Silent Night
I wrote another piece about this (which was a bigger mess than this, believe it or not), where I went at length about what that love means. Even as a grown adult (allegedly), I still daydream of wrapped presents with my name on them, which is a little embarrassing. I think that my love for material gifts is a distraction from my true meaning of Christmas: family. Taking it a step further, I think my love for Christmas is a seasonal routine, a tradition that marks the beginning and end of every year: a time to reflect, to hope.
I’m not a traditionalist. I don’t like church; I continuously find myself "revaluating my values," to borrow a phrase. As I get older, the world literally makes less sense to me, both from within and without. My “alleged” adulthood seems less funny to me and more daunting, the angry stupidity of politics near and far torments me, and the prospect of a long life becomes the twin shadow of hope and despair. “The centre cannot hold,” and everything else you may have learned in undergrad.
That’s why sometimes I’m okay with the simple, soothing things that ground and “centre” me. Sufjan Stevens’s rendition of “Silent Night” does that for me: the twin electric guitars, fluid with a country twang; the excited voices calling at the end; the brevity and wonder, leading into “O Come O Come Emmanuel.” What childhood memories, if any, do you have attached to this song? I remember when I was very little, younger than eight, my parents bought me a Mickey Mouse Christmas CD. I vaguely recall a Mickey Mouse rendition of Silent Night, though I cannot tell you how it sounds. I imagine it is sweet and soothing like Sufjan’s, but I haven’t checked. (Maybe Donald Duck is singing?). Connected to this memory is another of my two cousins and I sitting in my bedroom, looking out my window. We are watching for Santa Claus. I think we see him, but it might be an airplane.
Christmas was never a time for sorrow for me. I’ve heard of the Christmas blues, but even in my early 20s, when I was at my most feverishly anxious and lonely, I loved Christmas, the warm comfort of it, the gifts, family, dinner, sleep.
Last year, my childhood best friend, Michael G, died on Christmas day. I found out a couple of days later and went to his funeral within a week. His loss devastated me. It sparked in me a new reverence for and awe of nostalgia, of looking to the past. It taught me “you can never go back home,” which I guess makes sense to me now.
Okay, that is nuts, let me rephrase: you can never go back to the past. This is a fair assessment, right? There is no time machine or Nostalgia drug (à la Watchmen) through which we can see and feel the past. We only have our imperfect memories, guided by our senses and volatile grey matter, and so we change the past as we go forward. But Michael G is still within me, and I still remember when he and his family brought me Pokémon Snap on the Christmas morning after I got my Donkey Kong Jungle Green N64 (details are important). They dropped it off, took their presents, probably stayed for coffee and cake (who can remember?), and went home. We can never do that again, and it fucking sucks.

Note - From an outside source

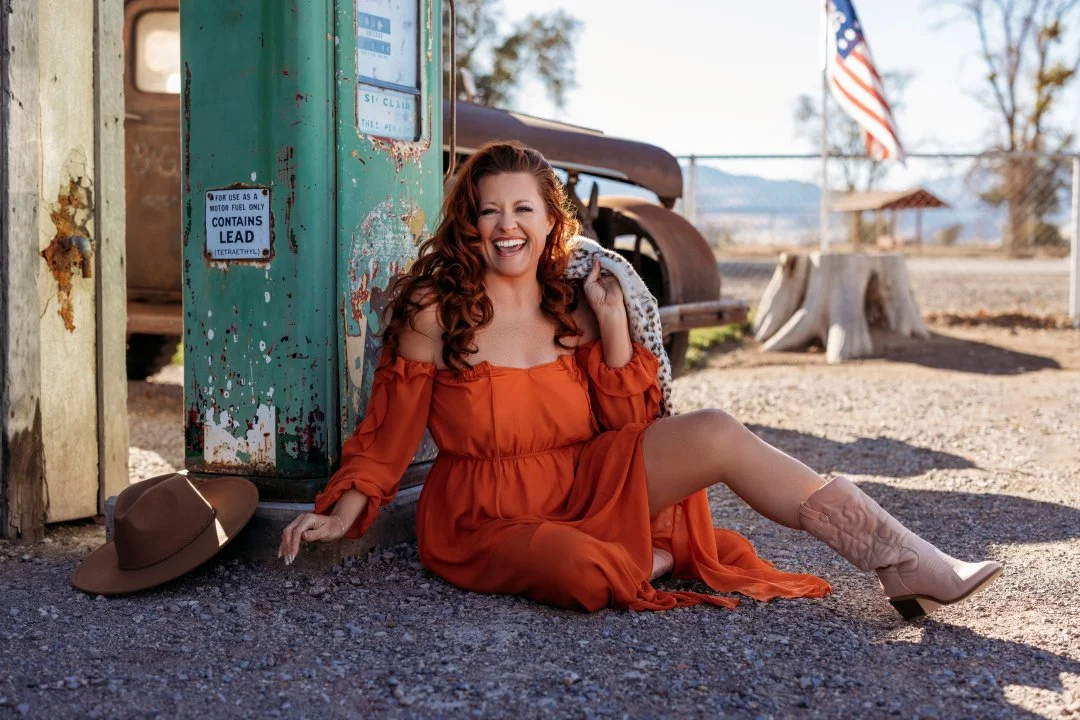 A woman with long curly red hair, wearing an orange off-shoulder dress and cowboy boots, sitting on the ground and laughing next to a vintage green gas pump in a rural setting.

I know Christmas is most accurately represented by spreadsheets of sales figures, but within the uncaring center of capitalism lies a beating, sometimes growing heart, like a bizarro Grinch, who despite his callous salesmanship represents a better part of us, in a Christmas sort of way. It’s all fucked up and mixed up, but that’s life (I am full of new insights today).
I still love that mystical feeling, my watchful eyes scanning for Santa through my window. When my love and I lay down on Christmas eve, our endorphins and dopamine dancing in the streetlamp lit streets of our brains, twirling with candy canes and ribbon and seasonal beer, we will drift into sleep and then dreams, and maybe I will see my friend again, and make up for lost time.